Que entre las mencionadas entidades, previamente se había celebrado un contrato de prestación de servicios en donde la cooperativa fue la contratista y el hospital el contratante. Que el asunto le correspondió al Juzgado Sexto Laboral del Circuito de Ibagué, despacho que por sentencia del 26 de agosto de 2015, absolvió a las entidades demandadas, al considerar que la demandante no logró acreditar ni siquiera la actividad personal, dada la sencilla manifestación que hace al momento en que se pronuncia respecto de la situación del despliegue de su actividad personal, cuando dice que «no solamente que otras personas le daban ordenes, sino que era posible cuando no podía asistir a los turnos que le habían programado que otra persona fuera en su reemplazo […]», lo que evidencia que respecto de las personas que pueden ser reemplazadas no se puede predicar que realicen una actividad de carácter, pues «la actividad personal del trabajador es solamente la realizada por sí mismo y no por terceras personas», que apeló y el Tribunal Superior de Ibagué por pronunciamiento del 22 de febrero de 2017, confirmó la decisión del a quo.
Que en su sentir, el fallo del juez colegiado accionado desconoció de manera flagrante «el abundante material probatorio, los artículos 22, 34, 9, 13, 24, 20 y 21 del Código Sustantivo del Trabajo, la Constitución Nacional en sus artículos 53, 29, 228 y 230 y los precedentes judiciales de la Corte Constitucional»; asimismo, destacó que la referida autoridad judicial «i) actuó como Tribunal Contencioso Administrativo, siendo su competencia la ordinaria laboral; ii) abandonó totalmente las normas aplicables al caso o sea las del Código Sustantivo Laboral y aplicó las normas que rigen en las relaciones laborales de los servidores públicos; iii) inadvirtió que la demanda fue interpuesta contra la Cooperativa de Trabajo Asociada Laboramos y no contra el Hospital Federico Lleras Acosta E.S.E. y que en esos términos se debatió y decidió el proceso de primera instancia y iv) declaró como empleador al Hospital Federico Lleras Acosta E.S.E., cuando eso no fue lo pedido en la demanda, […]».

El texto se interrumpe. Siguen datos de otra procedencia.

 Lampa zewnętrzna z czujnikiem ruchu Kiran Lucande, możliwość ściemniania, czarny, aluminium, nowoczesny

Por lo anterior, solicitó la protección de los derechos fundamentales invocados, y en consecuencia «se deje sin efectos la sentencia proferida el 08 de febrero de 2017 (sic), por el Tribunal Superior de Ibagué […]», y se ordene a «las autoridades accionadas reemplazar el fallo aquí atacado, […] en el sentido de reconocer la relación laboral de la señora Anyela Milena Meneses Castro (sic) y la Cooperativa Laboramos y condenar al Hospital Federico Lleras Acosta E.S.E. como solidario, también el pago de las consecuentes acreencias e indemnizaciones laborales debidas».

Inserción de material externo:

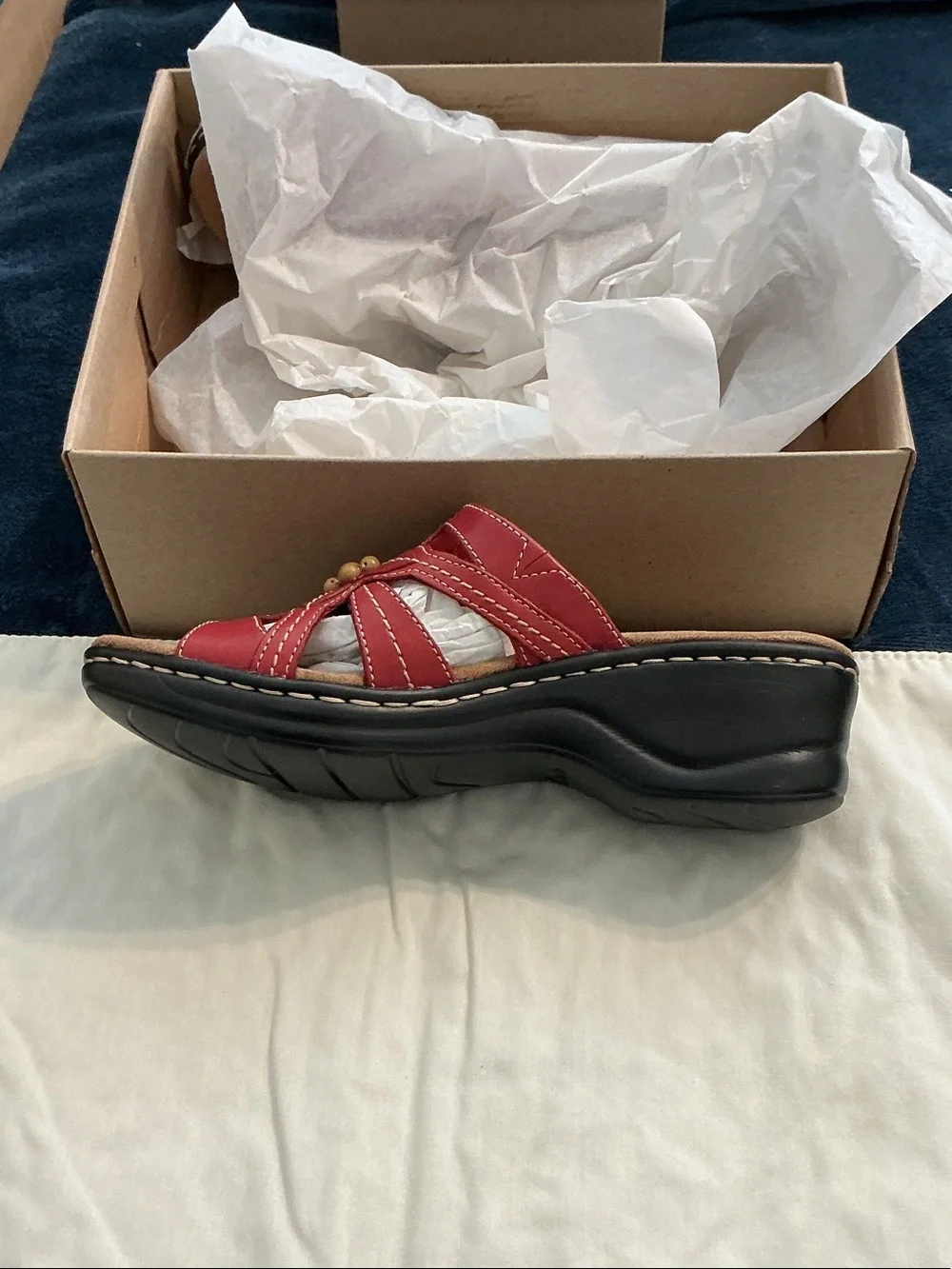 Clarks Red Leather Slide Sandal with Floral Bead Accent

(…) La Agente Especial Interventora del Hospital Federico Lleras Acosta manifestó que según lo establecido en los artículos 16 y 17 del Decreto 4588 de 2006, que establecen una serie de prohibiciones a las cooperativas, así como la consecuencia derivada de la configuración de las mismas, consistente en que «por orden legal el trabajador, deberá considerarse dependiente de la persona, […], que se beneficie con su trabajo», es evidente que de acuerdo a las múltiples afirmaciones efectuadas por la parte actora en el sentido de que la cooperativa disponía del trabajo de sus asociados para suministrar mano de obra temporal a terceros beneficiarios, que en este caso era el Hospital, debía concluirse que la señora Nubia Ruth Téllez Quijano dependía de este; además, aunado al hecho de que las pretensiones de la demanda estaban dirigidas a obtener el reconocimiento de un contrato de trabajo entre la cooperativa y la demandante, «no resultaba dable proferir un fallo condenatorio que resultase congruente, no teniendo otra salida el juzgador que proferir un fallo absolutorio, […]»; asimismo, destacó que tampoco podía el Juzgador «corregir los yerros en los cuales incurrió la parte actora al momento de elegir la persona jurídica contra la cual dirigía su demanda a la dirección dada a sus pretensiones.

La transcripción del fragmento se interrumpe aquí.